When it comes to turning your attic into living space, here are a few building code basics that you will need to know.
Generally, code requires a full size staircase with a minimum of 6 foot 8 inch clearance above it. There must be two ways out like a window or a second staircase in case of fire.
The ceiling height on any living space must be at least 7 feet in each direction. Some of the low clearance area can be kept as storage area.
Attic floors usually need to be reinforced with joists and a subfloor. Older homes, built before the 1950’s, may need some foundation work as well, according to architect Stewart Davis.
Heat and moisture rise, which often times means having to add air conditioning, and ceiling fans. If you install windows, this will help with the ventilation as well. Spray foam insulation under the roof and in the walls will help with heating and cooling costs.
Plan for wiring and plumbing needs in advance of beginning work. These can present huge challenges in attics. Be sure that the flooring does not rest on any wires. Remember that if you are planning a bathroom, you can save money by placing it in close proximity to another existing supply and drain line.
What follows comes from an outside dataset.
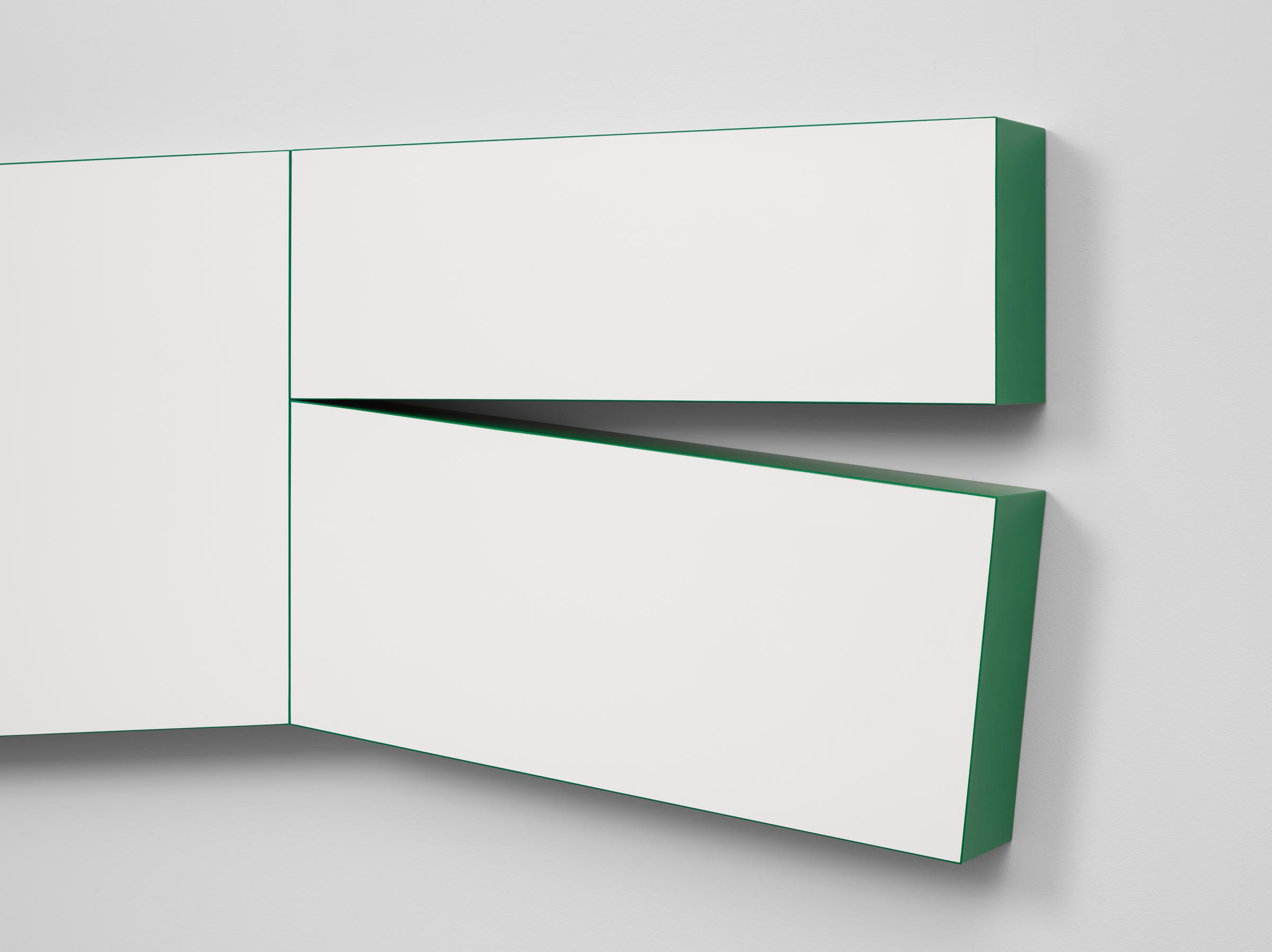 Borealis by Carmen Herrera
There should be ventilation above the insulation in the attic on residential buildings. It is important in the winter to keep heat inside the living space and allowing moisture to escape. While in the summer it is needed to move air which reduces heat build up. Proper attic ventilation will save energy, cost less to operate and have less negative impact on the environment.
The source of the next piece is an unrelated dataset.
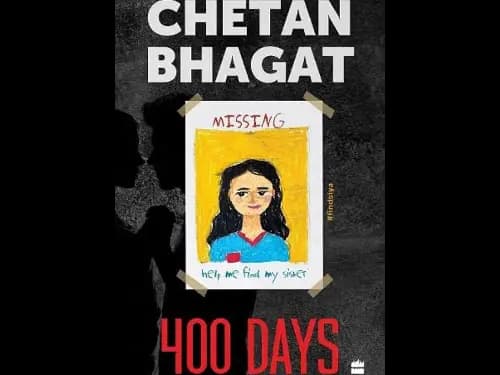 400 Days By Chetan Bhagat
Roof temperatures can reach more than 140 degrees on summer days. Natural ventilation can take away the heat that penetrates the attic space. The hot air is pushed outside and replaced with cool air with an eave to ridge ventilation. This creates a continuous circulation flow naturally with external airflow across the room.
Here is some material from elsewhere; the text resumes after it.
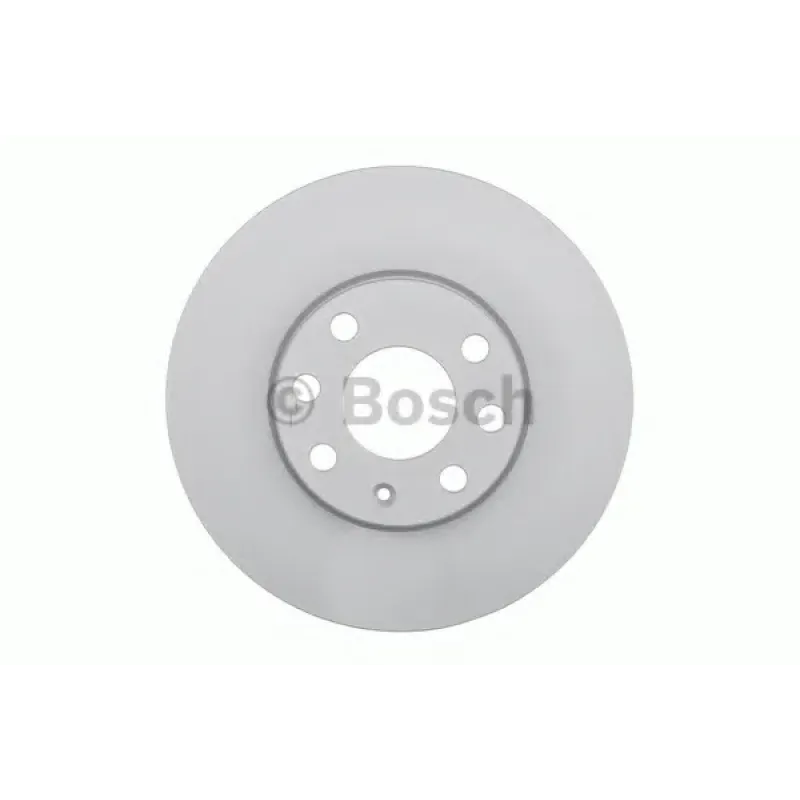 Диск гальмівний (передній) Opel Astra 98-09 (255.9x23.9)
Vents should have a screen to keep pests and bugs out as well as louvers to keep out the snow and rain. Below are some of the vents that are available to install:
Eave vents are screened or louvered vents. They are used when there is not an enclosed soffit or roof overhang.
Soffit vents are usually on the underside of the eave and run the length of the roof.
Gable end vents are at the peak of the gable on opposite sides of the roof and come in a variety of designs. These affect side to side circulation.
Ridge Vents run the entire length of the roof are are concealed portion of the roofing materials.
Roof vents come in several shapes and sizes. They can be installed both high and low and provide top and bottom ventilation.
Turbines, also known as rotary vents, are louvered spinning balls and are attached to a solid base. Warm air rises which spins the turbine, drawing more air out of the attic.